Yesterday, my 15-year-old son hit the nail on the head, "How come when I am just sitting here, I want to eat. I’m not hungry, but I feel like eating a bowl of Fruit Loops." Bingo! I explained that when people are bored, they want to eat because it gives them something to do. He didn’t eat the bowl of Fruit Loops. He didn’t eat anything. We talked instead.
I don’t how many times a day I walk to the refrigerator, open it up, stare blankly inside, waiting for something to jump out and say, "Eat me!" Every time I look inside, it’s always the same food. Nothing changes. Nothing jumps out at me. But sometimes I eat something anyway and sometimes I don’t…I find something to do instead.

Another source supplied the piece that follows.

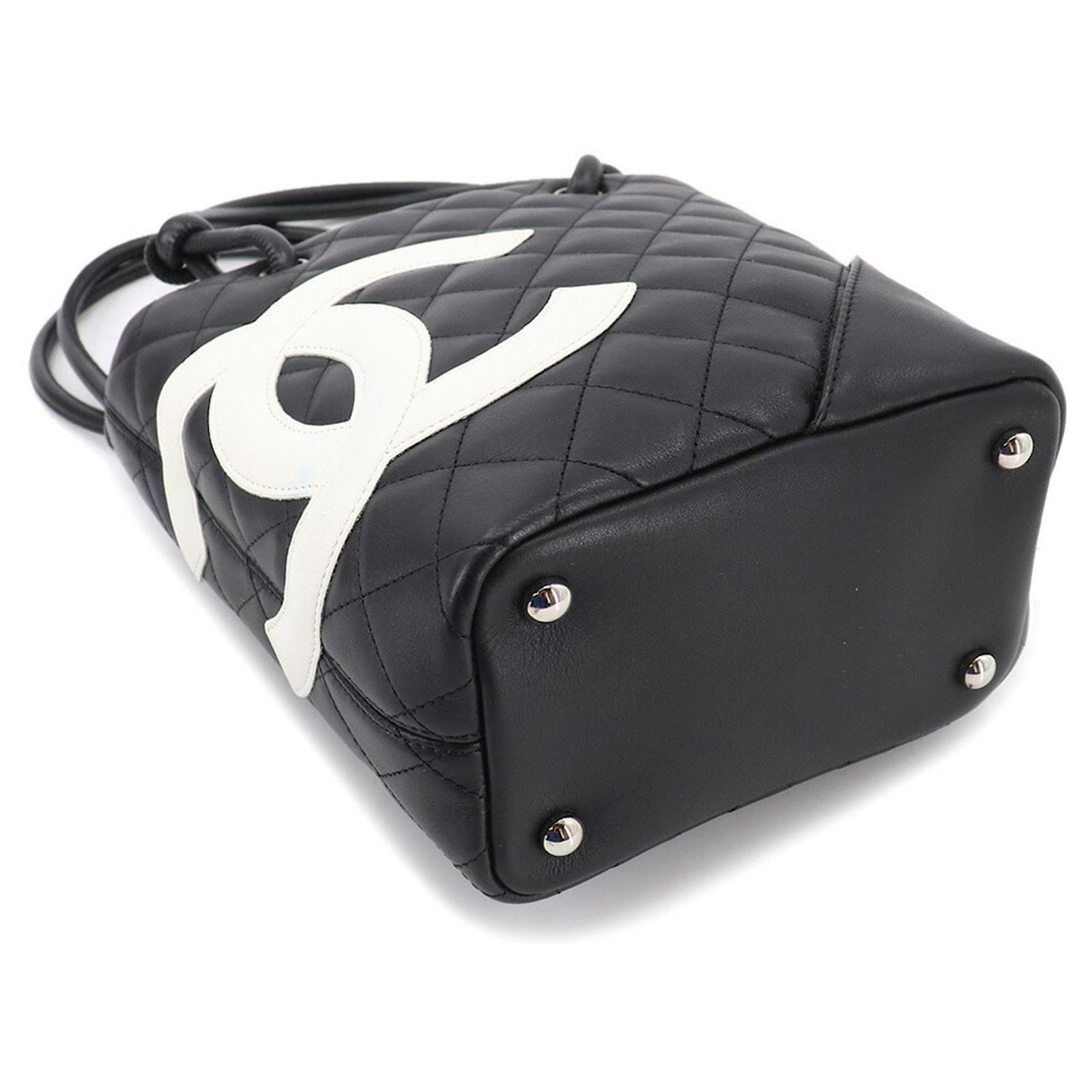 Chanel Cambon Line Black Leather ref.920929 - Joli Closet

This has become a habit. If I am bored, I want to eat. I scrounge around the kitchen opening not just the refrigerator, but the cupboards, as well. I don’t think I even notice exactly what’s in the cupboards or refrigerator, I literally just stare right through them. If there were Twinkies, however, or something else sinfully good for me, that’s easy to open and pop in my mouth without much effort, I can guarantee I would eat it. Or chocolate or candy or ice cream or cake or cookies or anything else that would immediately find its way to my hips, I would devour it without much thought.
That is why for right now, while I am on the path to a more healthy lifestyle, I am choosing not to have that stuff in our house.
I don’t know how many times the three of us (my son, husband and myself) would sit down on the couch, turn on the TV and eat almost an entire half-gallon of ice cream. I know there were a couple of times, my husband and I would eat the entire container by ourselves. We would sit down with our spoons and a container of something oh-so-chocolately, ooey-gooey and nutty and polish it off without giving it a second thought. Most often, I would have a container of Cool Whip sitting right next to me, eating that at the same time. Oh, those were the good ol’ days.
We haven’t done that now for about six months. Thank God!
But nothing says I won’t ever do it again.